Although it is extremely difficult to attribute observed global temperature changes directly to fossil fuel combustion, some countries are working together to lower emissions of carbon dioxide from fossil fuels. One proposal is to establish a system requiring companies to pay to emit carbon dioxide above a specified level. This payment could take several forms, including: (1) purchasing the rights to pollute from a company whose carbon dioxide emissions fall below the specified level; (2) purchasing and then preserving forests, which absorb carbon dioxide; and (3) paying to upgrade a carbon dioxide emitting plant in a lesser-developed country, lowering the upgraded plant’s carbon dioxide emissions.
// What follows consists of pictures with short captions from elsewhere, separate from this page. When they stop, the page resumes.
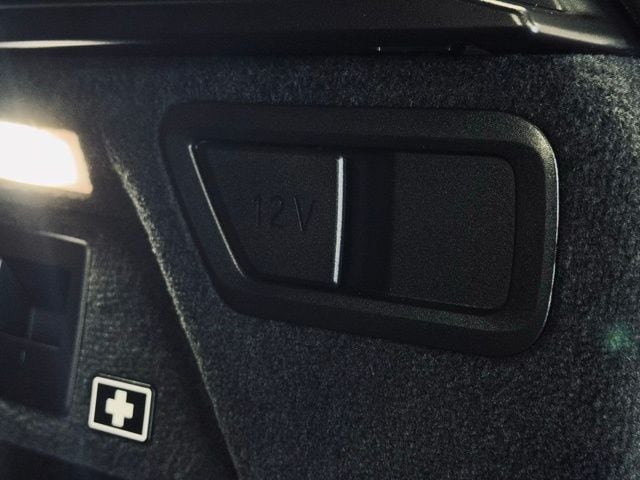 2025 BMW X7 - Image 10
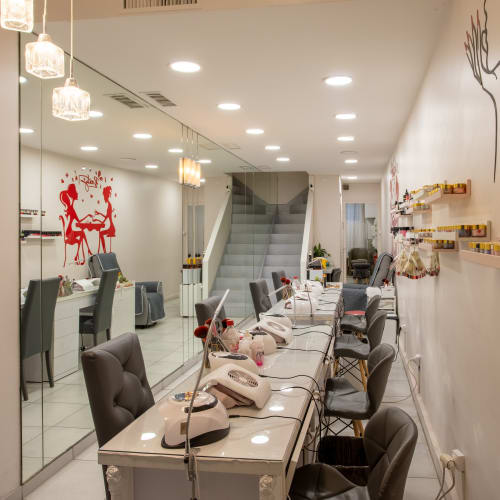 Ongles en Fleurs - Onglerie Lyon - Ongles en Fleurs - Photo Galerie - OneBooking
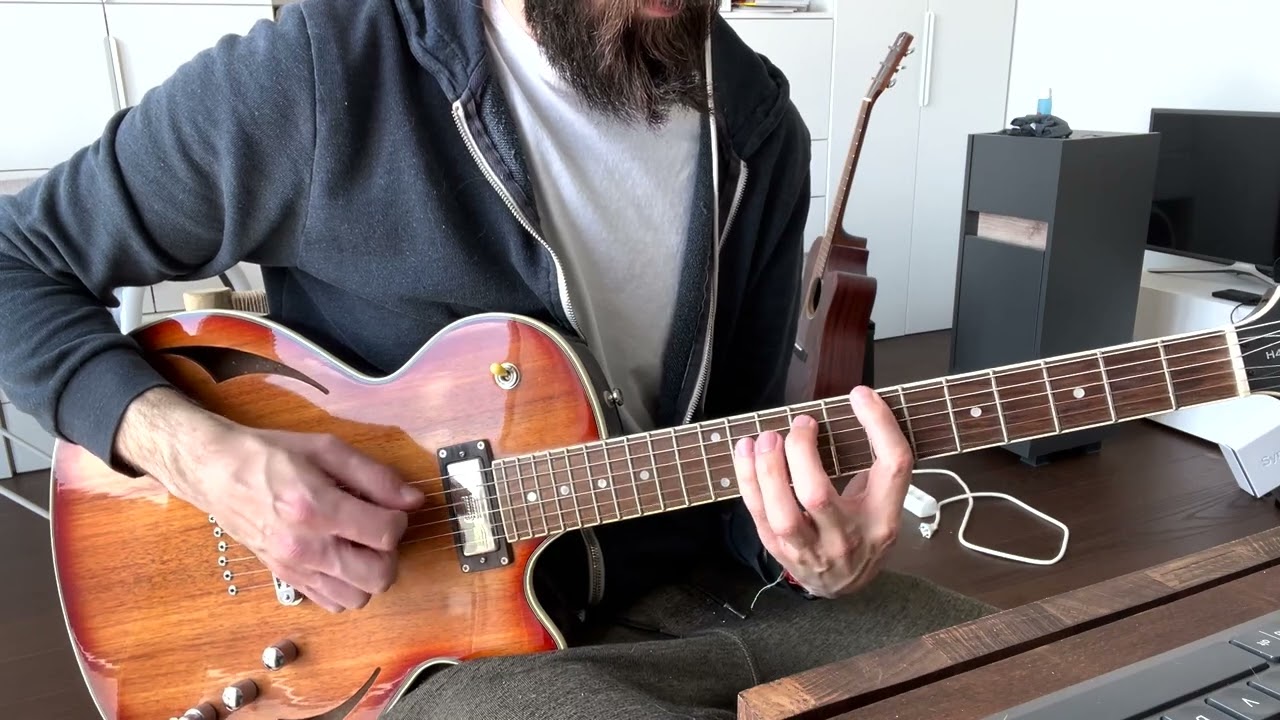 Roberto Barlocci playing the add9 intro riff of Message In A Bottle by The Police on electric guitar
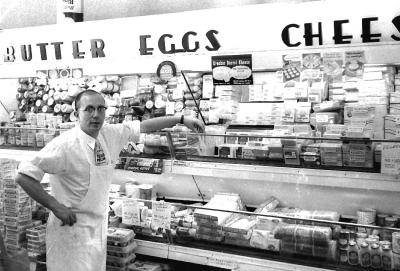 Don by Dairy Counter in Mason City Grupp Food Center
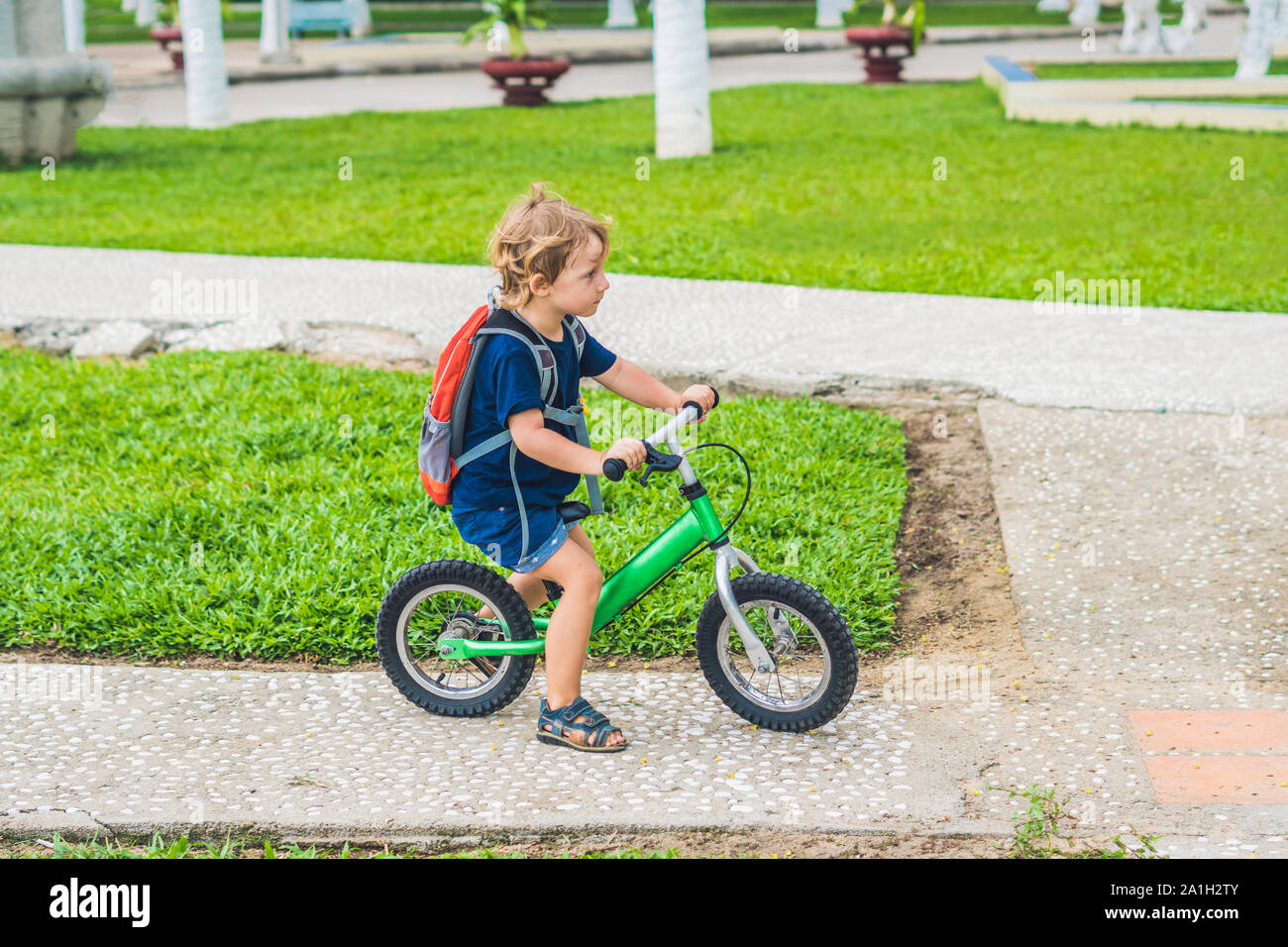 childs balance bike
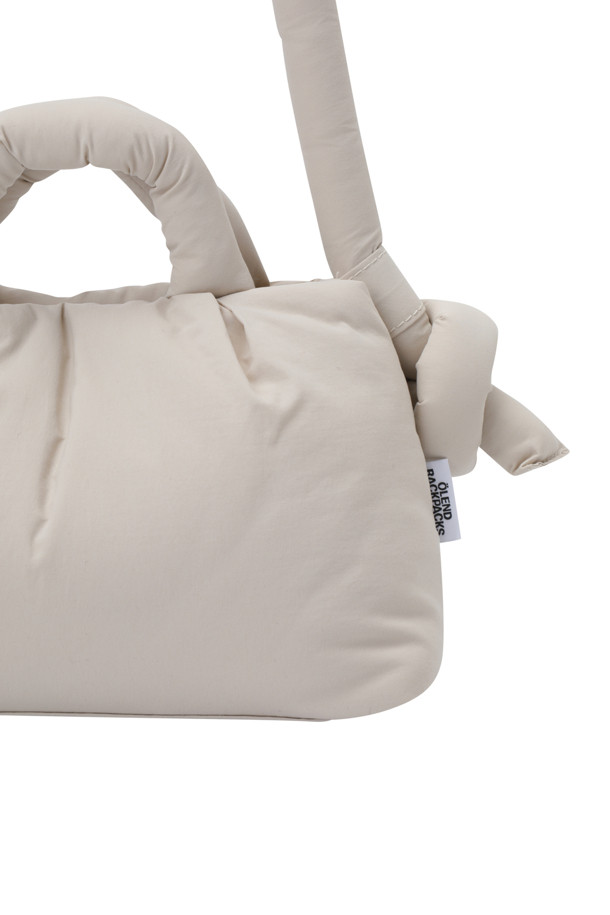 미니 오나 소프트 백 - 샌드는 여성스러운 미니백으로, 부드러운 소재와 은은한 샌드 컬러가 특징입니다. 가볍고 실용적인 스몰 사이즈로, 데이트룩, 쇼핑룩, 카페룩 등 다양한 TPO에 매치하기 좋습니다. 스트랩 길이 조절이 가능하여 (최대 100cm) 숄더백 또는 크로스바디백으로 연출할 수 있으며, 내부 포켓 2개와 외부 지퍼 포켓 1개로 수납력을 높였습니다. 미니멀, 클래식, 캐주얼 스타일을 즐겨 입는 분들께 추천합니다.
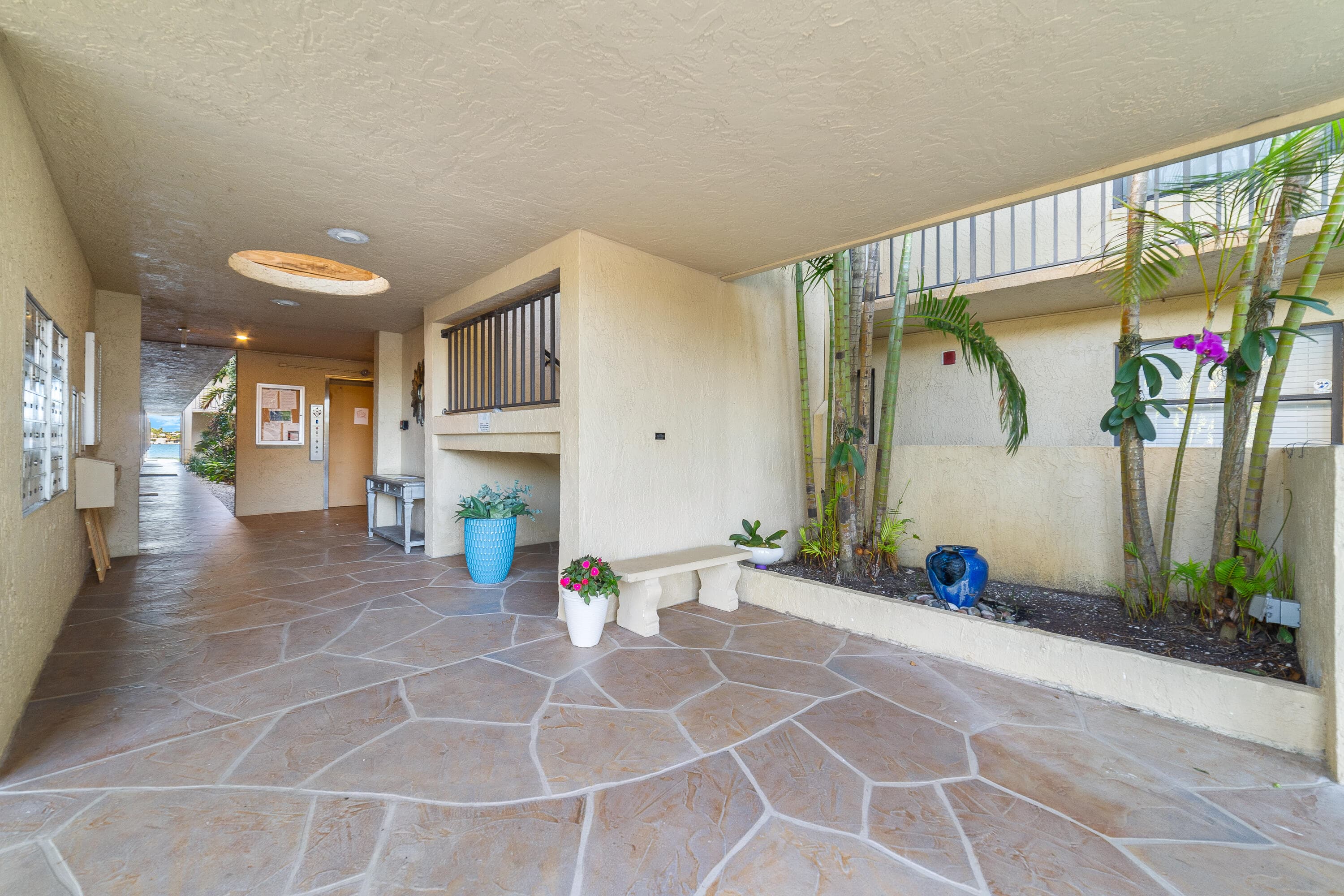896 N Federal Highway 530, Lantana, FL 33462 — photo 28 of 36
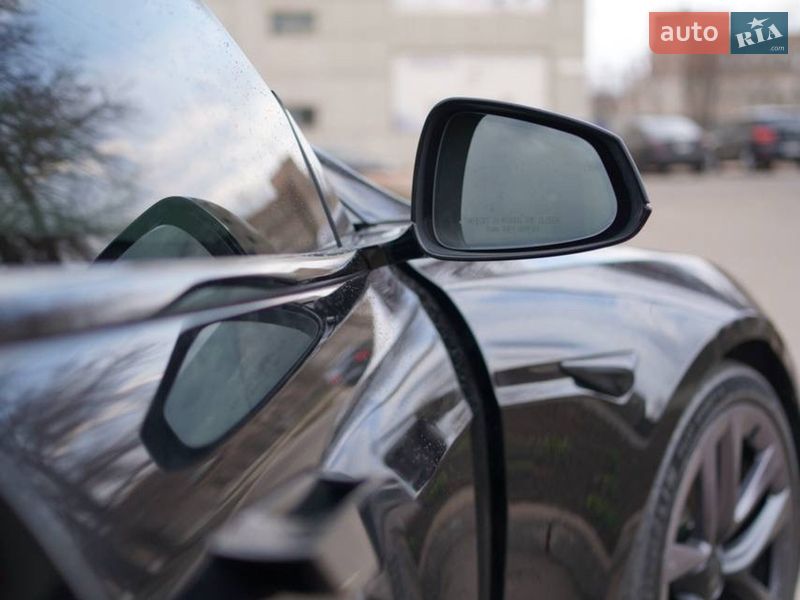 Лифтбек Tesla Model S 2021 в Кривом Роге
Petroleum Recovery and Transportation
Environmental problems are created by drilling oil wells and extracting fluids because the petroleum pumped up from deep reservoir rocks is often accompanied by large volumes of salt water. This brine contains numerous impurities, so it must either be injected back into the reservoir rocks or treated for safe surface disposal.

Petroleum usually must also be transported long distances by tanker or pipeline to reach a refinery. Transport of petroleum occasionally leads to accidental spills. Oil spills, especially in large volumes, can be detrimental to wildlife and habitat.

Coal Mining
Surface coal mining operations, often called strip mines, use massive shovels to remove soil and rock overlying the coal, disrupting the natural landscape. However, new land reclamation methods, driven by stringent laws and regulations, now require mining companies to restore strip-mined landscapes to nearly premined conditions.

Another environmental problem associated with coal mining occurs when freshly excavated coal beds are exposed to air. Sulfur-bearing compounds in the coal oxidize in the presence of water to form sulfuric acid. When this sulfuric acid solution, known as acid mine drainage, enters surface water and groundwater, it can be detrimental to water quality and aquatic life. Efforts are currently underway to remove sulfuric acid from mine drainage before it reaches rivers, lakes, and streams. For example, scientists are studying whether artificial wetlands have the ability to neutralize acid mine drainage.